**EXERCISE DETAILS**.
Every line of the records below from the line with "Crescent moon and" up to and including the line with "Outsunny Ensemble Bistrot" must be reproduced exactly, and no line outside that range.

Records excerpted from a collection
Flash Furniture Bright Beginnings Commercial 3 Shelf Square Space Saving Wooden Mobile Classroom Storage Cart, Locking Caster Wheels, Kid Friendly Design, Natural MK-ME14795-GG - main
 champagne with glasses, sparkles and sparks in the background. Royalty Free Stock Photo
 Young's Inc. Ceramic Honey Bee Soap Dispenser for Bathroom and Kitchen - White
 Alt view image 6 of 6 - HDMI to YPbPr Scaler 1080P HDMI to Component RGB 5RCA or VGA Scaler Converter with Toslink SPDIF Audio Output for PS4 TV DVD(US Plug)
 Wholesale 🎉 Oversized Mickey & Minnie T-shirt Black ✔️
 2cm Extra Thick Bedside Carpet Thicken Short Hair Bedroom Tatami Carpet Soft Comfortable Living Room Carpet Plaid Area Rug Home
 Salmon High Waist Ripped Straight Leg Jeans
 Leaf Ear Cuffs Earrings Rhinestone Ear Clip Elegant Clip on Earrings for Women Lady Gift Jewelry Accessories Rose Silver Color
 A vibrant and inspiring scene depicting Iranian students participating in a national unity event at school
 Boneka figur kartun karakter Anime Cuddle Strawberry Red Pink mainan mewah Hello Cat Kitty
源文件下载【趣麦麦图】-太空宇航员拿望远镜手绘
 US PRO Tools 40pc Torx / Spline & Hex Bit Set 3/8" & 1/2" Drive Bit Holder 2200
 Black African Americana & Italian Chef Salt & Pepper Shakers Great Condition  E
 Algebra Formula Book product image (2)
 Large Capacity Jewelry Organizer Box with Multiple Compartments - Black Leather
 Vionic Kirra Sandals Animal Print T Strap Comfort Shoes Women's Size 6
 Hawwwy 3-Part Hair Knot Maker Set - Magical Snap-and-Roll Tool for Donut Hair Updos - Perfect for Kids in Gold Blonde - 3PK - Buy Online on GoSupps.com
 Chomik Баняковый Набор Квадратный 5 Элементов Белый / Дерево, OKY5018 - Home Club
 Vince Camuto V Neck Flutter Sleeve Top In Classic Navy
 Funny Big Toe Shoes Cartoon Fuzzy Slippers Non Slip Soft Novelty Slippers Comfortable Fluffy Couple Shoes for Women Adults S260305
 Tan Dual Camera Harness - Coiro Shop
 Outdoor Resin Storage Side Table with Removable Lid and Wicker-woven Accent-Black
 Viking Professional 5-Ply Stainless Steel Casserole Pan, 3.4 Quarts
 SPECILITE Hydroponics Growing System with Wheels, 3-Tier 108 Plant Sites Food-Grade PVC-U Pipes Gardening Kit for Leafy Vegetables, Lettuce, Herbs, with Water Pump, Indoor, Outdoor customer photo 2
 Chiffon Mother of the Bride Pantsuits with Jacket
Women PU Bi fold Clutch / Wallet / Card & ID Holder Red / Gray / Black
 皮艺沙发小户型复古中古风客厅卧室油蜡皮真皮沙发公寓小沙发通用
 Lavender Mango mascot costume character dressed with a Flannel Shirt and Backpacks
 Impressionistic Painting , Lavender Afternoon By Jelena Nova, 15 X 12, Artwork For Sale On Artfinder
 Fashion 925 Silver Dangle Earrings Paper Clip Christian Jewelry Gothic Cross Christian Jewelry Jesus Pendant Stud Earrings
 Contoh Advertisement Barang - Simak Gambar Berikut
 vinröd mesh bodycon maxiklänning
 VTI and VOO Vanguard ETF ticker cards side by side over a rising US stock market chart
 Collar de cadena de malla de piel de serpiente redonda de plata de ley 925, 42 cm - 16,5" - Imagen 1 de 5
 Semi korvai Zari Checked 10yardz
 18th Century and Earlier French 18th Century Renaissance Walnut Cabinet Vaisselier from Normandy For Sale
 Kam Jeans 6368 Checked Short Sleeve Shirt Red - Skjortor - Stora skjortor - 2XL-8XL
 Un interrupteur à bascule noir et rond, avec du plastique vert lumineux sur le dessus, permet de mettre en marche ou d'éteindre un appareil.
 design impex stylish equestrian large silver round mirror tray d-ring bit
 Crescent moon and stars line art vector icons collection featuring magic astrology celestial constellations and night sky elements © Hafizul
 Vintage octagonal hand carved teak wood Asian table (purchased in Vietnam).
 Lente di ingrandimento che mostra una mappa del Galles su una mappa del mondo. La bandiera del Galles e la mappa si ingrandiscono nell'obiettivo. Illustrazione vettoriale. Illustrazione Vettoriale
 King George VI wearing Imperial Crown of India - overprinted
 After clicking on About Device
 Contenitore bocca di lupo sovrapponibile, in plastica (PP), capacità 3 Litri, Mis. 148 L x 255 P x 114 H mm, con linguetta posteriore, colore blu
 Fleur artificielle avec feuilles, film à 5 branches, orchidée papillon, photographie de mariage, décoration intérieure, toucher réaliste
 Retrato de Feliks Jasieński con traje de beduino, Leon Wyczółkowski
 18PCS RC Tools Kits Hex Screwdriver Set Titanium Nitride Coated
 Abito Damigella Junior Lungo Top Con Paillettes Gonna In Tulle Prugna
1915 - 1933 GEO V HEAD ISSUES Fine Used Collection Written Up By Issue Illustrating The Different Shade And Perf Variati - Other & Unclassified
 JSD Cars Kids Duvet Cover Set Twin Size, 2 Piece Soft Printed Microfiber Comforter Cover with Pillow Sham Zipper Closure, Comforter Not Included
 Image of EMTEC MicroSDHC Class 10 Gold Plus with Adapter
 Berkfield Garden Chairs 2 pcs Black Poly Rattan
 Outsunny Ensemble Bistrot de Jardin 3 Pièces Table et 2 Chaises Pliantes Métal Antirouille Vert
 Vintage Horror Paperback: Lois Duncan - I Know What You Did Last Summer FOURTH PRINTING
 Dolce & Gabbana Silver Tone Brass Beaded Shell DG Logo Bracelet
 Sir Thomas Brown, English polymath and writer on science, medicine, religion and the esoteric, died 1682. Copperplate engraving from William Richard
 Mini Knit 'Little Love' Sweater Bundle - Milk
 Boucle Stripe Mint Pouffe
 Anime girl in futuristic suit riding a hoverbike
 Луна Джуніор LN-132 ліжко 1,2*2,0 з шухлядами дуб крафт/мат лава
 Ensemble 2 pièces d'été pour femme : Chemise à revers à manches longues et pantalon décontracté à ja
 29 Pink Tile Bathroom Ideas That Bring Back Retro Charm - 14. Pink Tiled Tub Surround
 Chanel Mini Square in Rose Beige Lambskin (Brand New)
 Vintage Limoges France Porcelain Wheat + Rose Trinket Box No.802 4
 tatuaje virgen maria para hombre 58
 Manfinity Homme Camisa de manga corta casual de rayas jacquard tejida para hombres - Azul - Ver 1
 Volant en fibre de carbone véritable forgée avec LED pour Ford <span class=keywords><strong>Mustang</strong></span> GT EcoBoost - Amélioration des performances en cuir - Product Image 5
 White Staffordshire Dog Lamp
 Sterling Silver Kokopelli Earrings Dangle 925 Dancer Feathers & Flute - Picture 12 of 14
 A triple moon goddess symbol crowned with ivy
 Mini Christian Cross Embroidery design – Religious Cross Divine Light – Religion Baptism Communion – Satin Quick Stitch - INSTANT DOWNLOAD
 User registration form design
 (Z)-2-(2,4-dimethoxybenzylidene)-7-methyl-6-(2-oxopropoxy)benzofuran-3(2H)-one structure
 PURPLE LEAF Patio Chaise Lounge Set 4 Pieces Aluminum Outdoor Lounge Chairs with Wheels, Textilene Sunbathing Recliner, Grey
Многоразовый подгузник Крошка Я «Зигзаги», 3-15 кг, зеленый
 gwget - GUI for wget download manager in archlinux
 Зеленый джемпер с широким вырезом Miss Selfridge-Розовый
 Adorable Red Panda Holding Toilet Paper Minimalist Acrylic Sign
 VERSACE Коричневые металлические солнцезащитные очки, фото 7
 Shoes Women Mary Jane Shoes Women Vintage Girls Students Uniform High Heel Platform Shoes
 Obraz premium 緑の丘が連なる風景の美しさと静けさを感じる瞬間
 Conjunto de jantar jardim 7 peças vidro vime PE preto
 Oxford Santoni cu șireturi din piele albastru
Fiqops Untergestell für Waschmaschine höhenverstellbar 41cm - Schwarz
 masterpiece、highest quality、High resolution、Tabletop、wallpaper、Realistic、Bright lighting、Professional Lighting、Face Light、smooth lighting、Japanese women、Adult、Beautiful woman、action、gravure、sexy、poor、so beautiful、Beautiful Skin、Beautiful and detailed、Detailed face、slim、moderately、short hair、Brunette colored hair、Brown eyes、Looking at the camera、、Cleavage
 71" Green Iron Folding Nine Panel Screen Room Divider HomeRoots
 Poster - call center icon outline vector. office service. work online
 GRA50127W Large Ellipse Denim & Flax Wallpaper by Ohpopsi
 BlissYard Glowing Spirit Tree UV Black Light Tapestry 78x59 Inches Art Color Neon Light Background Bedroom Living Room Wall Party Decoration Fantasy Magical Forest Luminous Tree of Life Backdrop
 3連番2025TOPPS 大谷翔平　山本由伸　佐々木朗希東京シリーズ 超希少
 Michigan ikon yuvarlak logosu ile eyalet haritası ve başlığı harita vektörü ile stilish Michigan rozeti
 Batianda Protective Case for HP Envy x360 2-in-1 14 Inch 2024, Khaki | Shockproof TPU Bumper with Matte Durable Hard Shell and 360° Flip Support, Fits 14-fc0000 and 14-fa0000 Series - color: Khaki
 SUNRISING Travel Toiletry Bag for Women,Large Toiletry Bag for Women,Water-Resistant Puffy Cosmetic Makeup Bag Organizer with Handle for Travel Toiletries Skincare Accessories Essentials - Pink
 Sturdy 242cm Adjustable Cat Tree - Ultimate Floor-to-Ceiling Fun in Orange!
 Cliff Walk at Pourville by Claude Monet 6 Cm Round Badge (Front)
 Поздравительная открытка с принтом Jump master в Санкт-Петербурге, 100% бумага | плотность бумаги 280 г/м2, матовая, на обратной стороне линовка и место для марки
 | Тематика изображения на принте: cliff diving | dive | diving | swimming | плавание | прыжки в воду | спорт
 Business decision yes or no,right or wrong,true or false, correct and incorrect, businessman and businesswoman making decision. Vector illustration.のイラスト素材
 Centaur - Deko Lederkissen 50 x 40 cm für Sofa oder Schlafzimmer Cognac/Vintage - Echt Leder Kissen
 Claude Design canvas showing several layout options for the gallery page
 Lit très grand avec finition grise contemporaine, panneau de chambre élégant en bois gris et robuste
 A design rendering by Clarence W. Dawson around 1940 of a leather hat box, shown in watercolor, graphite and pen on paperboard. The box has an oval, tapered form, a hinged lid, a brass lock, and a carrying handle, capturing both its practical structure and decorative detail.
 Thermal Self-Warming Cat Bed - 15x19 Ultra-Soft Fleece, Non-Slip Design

**YOUR RESPONSE**.
 Crescent moon and stars line art vector icons collection featuring magic astrology celestial constellations and night sky elements © Hafizul
 Vintage octagonal hand carved teak wood Asian table (purchased in Vietnam).
 Lente di ingrandimento che mostra una mappa del Galles su una mappa del mondo. La bandiera del Galles e la mappa si ingrandiscono nell'obiettivo. Illustrazione vettoriale. Illustrazione Vettoriale
 King George VI wearing Imperial Crown of India - overprinted
 After clicking on About Device
 Contenitore bocca di lupo sovrapponibile, in plastica (PP), capacità 3 Litri, Mis. 148 L x 255 P x 114 H mm, con linguetta posteriore, colore blu
 Fleur artificielle avec feuilles, film à 5 branches, orchidée papillon, photographie de mariage, décoration intérieure, toucher réaliste
 Retrato de Feliks Jasieński con traje de beduino, Leon Wyczółkowski
 18PCS RC Tools Kits Hex Screwdriver Set Titanium Nitride Coated
 Abito Damigella Junior Lungo Top Con Paillettes Gonna In Tulle Prugna
1915 - 1933 GEO V HEAD ISSUES Fine Used Collection Written Up By Issue Illustrating The Different Shade And Perf Variati - Other & Unclassified
 JSD Cars Kids Duvet Cover Set Twin Size, 2 Piece Soft Printed Microfiber Comforter Cover with Pillow Sham Zipper Closure, Comforter Not Included
 Image of EMTEC MicroSDHC Class 10 Gold Plus with Adapter
 Berkfield Garden Chairs 2 pcs Black Poly Rattan
 Outsunny Ensemble Bistrot de Jardin 3 Pièces Table et 2 Chaises Pliantes Métal Antirouille Vert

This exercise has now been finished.